**Assigned task:**
Beneath this task is a listing; tally its lines that contain "girl" and give only the total.

--*--

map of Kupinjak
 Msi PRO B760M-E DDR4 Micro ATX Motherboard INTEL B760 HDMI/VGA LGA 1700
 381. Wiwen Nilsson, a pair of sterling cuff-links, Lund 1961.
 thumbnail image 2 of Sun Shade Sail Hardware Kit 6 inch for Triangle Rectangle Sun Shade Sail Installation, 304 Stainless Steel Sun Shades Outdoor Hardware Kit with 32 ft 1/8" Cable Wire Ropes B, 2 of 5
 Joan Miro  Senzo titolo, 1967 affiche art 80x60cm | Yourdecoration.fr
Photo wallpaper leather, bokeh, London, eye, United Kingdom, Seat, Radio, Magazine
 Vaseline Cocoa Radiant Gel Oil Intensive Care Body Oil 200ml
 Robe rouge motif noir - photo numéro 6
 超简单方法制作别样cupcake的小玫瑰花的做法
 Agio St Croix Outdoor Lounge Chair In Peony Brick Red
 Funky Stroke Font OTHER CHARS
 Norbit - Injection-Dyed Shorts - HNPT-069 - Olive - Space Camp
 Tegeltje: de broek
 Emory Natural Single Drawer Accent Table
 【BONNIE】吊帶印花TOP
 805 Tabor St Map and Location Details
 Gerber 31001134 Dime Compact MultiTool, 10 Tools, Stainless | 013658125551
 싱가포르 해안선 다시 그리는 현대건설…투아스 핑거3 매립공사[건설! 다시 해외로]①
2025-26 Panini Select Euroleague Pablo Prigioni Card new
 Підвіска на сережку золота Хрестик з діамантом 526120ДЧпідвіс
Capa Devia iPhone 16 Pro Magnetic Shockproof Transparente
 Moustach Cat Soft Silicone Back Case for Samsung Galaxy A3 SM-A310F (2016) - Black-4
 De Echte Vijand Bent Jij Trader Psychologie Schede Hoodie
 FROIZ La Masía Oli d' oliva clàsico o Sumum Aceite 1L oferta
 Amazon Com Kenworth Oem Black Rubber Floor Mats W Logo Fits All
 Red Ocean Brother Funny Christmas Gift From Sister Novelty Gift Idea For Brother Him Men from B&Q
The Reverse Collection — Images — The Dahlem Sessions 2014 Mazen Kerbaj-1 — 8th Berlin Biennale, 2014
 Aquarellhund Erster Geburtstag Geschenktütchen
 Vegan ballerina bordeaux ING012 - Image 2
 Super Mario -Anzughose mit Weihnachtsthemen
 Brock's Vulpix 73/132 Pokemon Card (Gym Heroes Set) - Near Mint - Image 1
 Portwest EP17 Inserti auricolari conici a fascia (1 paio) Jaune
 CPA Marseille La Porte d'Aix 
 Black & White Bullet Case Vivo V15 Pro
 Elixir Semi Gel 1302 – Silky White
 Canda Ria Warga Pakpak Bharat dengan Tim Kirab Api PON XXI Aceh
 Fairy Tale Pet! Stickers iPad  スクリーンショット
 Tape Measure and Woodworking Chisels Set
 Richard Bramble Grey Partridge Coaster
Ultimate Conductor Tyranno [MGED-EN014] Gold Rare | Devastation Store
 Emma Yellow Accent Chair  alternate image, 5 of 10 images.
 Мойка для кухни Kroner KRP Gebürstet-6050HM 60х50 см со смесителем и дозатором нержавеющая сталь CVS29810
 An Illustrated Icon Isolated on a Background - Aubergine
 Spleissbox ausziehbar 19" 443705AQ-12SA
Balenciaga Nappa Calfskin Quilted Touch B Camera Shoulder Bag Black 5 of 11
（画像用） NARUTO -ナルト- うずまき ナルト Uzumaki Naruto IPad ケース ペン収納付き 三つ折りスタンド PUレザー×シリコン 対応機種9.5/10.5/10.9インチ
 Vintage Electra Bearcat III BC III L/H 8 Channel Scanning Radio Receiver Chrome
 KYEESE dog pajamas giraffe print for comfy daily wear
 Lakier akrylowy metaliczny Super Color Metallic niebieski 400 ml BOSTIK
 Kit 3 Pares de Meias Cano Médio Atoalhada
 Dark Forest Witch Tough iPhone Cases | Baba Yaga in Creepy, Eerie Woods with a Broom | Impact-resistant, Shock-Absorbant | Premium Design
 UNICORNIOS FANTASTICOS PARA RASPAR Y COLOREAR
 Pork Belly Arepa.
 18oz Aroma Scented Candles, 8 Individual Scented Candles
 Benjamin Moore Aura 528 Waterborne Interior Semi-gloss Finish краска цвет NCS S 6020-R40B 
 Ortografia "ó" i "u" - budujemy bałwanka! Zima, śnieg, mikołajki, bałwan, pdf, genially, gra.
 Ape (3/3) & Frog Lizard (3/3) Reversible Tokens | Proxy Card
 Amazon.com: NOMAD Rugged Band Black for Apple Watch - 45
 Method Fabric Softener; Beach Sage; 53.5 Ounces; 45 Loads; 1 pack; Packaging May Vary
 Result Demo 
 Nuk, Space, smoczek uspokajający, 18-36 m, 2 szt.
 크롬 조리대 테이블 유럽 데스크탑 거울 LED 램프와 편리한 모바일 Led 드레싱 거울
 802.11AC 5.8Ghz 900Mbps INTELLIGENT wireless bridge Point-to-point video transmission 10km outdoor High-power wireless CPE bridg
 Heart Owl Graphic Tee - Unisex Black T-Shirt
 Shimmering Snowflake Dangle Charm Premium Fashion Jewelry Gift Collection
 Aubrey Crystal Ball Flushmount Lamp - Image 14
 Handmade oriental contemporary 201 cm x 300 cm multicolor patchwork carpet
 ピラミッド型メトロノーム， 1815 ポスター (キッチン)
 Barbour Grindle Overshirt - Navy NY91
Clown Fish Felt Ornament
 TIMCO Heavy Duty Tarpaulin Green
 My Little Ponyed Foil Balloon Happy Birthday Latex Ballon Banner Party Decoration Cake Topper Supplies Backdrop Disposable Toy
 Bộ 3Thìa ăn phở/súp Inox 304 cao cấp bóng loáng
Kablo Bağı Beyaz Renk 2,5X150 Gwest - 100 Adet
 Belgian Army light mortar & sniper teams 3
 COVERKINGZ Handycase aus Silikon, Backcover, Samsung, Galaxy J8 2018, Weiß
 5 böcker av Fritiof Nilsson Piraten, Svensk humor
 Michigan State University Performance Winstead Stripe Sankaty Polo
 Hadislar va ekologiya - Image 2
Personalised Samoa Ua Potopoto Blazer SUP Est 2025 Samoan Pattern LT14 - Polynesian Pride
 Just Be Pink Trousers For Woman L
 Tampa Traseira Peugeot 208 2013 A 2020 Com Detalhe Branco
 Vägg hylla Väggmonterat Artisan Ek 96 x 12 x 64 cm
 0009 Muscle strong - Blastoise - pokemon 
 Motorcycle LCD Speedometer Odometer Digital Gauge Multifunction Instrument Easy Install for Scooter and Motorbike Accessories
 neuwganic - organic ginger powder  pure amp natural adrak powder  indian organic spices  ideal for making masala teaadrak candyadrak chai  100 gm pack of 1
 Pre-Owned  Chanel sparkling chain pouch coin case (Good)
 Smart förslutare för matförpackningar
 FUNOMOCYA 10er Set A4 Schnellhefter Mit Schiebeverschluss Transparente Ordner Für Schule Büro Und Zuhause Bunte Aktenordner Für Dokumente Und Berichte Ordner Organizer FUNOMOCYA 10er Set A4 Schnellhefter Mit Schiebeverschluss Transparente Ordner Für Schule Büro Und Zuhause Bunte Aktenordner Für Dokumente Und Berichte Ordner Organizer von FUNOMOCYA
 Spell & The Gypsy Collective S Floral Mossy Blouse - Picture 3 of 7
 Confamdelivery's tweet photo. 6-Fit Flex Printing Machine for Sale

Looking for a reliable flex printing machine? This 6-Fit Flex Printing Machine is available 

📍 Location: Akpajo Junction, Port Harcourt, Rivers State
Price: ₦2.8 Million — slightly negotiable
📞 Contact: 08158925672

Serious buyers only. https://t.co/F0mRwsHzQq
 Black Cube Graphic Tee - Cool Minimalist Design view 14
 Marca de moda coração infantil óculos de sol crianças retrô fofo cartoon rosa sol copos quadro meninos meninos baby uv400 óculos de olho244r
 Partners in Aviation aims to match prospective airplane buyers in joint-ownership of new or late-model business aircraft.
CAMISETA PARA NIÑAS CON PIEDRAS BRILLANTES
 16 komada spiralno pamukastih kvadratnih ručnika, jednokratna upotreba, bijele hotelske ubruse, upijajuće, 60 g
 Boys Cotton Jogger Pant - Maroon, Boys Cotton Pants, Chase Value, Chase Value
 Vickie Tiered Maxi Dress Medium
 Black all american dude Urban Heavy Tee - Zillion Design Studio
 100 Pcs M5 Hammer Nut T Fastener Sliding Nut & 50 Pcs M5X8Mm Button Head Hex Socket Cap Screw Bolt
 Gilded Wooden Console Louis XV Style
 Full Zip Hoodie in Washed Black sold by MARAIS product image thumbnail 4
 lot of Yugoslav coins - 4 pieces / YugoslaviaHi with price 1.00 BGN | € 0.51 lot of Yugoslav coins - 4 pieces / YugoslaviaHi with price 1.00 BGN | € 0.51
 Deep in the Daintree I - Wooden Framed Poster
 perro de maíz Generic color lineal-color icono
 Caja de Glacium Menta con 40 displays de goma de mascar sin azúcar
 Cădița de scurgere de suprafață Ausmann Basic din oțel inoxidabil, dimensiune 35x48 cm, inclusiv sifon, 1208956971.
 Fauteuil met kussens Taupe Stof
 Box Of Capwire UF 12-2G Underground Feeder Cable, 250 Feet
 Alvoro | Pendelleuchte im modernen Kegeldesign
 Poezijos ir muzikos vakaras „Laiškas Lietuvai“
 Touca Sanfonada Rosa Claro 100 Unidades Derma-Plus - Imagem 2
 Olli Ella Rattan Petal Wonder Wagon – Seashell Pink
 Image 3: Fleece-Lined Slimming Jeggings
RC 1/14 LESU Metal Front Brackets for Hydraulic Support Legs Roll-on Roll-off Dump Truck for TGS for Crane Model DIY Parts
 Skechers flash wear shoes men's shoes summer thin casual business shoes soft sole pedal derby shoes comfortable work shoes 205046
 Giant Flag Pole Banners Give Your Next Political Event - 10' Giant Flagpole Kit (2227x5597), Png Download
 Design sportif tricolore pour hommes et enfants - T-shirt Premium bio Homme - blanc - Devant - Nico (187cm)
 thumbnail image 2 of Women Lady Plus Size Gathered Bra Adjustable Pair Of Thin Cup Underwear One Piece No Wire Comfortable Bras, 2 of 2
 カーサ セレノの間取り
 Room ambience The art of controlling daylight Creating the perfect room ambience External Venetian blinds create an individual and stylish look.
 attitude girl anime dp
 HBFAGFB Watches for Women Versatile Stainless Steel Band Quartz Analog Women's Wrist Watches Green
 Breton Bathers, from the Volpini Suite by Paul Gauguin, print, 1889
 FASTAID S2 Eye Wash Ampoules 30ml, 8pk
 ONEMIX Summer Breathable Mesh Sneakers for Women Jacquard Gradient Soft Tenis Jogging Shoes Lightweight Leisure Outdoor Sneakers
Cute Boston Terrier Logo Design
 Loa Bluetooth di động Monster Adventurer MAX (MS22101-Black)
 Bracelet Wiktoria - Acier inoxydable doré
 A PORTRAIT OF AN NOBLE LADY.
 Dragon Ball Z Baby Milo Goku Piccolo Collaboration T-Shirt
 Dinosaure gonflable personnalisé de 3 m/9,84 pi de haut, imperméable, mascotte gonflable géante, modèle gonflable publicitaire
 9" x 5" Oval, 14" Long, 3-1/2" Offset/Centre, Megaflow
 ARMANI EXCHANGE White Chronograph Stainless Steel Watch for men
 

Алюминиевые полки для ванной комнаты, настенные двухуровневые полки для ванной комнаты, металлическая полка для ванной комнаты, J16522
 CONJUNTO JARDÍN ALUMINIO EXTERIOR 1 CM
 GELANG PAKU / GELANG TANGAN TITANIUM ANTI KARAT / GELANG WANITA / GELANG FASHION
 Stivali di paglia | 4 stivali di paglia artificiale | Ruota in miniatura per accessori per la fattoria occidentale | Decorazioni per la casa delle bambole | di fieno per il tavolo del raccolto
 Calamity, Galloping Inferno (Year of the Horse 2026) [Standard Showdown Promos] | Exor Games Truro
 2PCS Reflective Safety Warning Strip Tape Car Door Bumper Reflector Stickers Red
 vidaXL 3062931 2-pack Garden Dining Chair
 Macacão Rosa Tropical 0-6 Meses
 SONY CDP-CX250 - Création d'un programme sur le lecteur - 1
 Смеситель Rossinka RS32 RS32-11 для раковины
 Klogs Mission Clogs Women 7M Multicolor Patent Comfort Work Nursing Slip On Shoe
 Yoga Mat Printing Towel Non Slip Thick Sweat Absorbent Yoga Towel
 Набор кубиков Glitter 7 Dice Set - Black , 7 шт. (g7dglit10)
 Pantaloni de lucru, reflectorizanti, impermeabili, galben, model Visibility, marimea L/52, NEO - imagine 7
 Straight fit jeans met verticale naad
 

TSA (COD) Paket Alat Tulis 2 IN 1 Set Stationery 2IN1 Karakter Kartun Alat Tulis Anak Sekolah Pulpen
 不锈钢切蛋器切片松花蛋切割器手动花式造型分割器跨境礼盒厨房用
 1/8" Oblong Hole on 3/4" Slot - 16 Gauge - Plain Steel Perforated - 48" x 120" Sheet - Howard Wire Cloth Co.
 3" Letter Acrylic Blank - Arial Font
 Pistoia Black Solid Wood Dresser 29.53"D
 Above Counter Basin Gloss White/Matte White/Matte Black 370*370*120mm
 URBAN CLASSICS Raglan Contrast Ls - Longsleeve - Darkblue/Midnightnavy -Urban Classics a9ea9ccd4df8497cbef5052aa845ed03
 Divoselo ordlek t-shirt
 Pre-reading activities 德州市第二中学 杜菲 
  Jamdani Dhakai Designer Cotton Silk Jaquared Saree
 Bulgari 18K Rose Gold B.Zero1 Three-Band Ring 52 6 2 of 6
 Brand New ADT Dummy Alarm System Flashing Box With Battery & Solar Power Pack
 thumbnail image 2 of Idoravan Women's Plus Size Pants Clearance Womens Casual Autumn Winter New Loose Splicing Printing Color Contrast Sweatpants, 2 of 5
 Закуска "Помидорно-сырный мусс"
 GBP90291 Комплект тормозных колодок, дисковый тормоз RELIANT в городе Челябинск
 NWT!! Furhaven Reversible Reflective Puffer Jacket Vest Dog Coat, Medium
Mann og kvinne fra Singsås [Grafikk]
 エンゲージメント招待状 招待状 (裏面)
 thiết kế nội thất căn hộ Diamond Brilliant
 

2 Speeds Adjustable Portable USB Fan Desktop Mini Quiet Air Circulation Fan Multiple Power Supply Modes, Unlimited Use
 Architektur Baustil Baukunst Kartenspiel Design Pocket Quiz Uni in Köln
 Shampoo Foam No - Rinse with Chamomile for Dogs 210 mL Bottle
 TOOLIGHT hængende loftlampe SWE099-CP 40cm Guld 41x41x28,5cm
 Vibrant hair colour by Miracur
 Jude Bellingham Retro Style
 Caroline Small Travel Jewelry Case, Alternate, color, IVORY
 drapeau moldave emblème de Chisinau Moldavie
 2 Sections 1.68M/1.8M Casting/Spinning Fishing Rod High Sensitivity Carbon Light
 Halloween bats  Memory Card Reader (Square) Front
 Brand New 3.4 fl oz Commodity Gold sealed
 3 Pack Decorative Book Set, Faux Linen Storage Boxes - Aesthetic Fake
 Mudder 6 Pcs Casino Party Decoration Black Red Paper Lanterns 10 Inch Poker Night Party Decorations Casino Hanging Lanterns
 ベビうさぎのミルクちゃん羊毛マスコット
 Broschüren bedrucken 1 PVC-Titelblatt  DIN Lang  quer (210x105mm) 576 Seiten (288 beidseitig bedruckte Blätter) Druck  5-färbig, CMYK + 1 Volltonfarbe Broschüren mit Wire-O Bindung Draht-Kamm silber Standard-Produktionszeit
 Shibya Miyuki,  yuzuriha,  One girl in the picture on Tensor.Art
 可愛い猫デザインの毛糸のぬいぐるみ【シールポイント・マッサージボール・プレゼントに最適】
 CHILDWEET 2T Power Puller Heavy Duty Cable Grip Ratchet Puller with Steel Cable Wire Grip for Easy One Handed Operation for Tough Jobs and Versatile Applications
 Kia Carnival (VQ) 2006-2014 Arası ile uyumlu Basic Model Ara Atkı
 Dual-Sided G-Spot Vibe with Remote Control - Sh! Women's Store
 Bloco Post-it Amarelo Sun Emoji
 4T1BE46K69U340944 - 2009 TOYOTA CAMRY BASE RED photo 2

--*--

**Your solution:**
2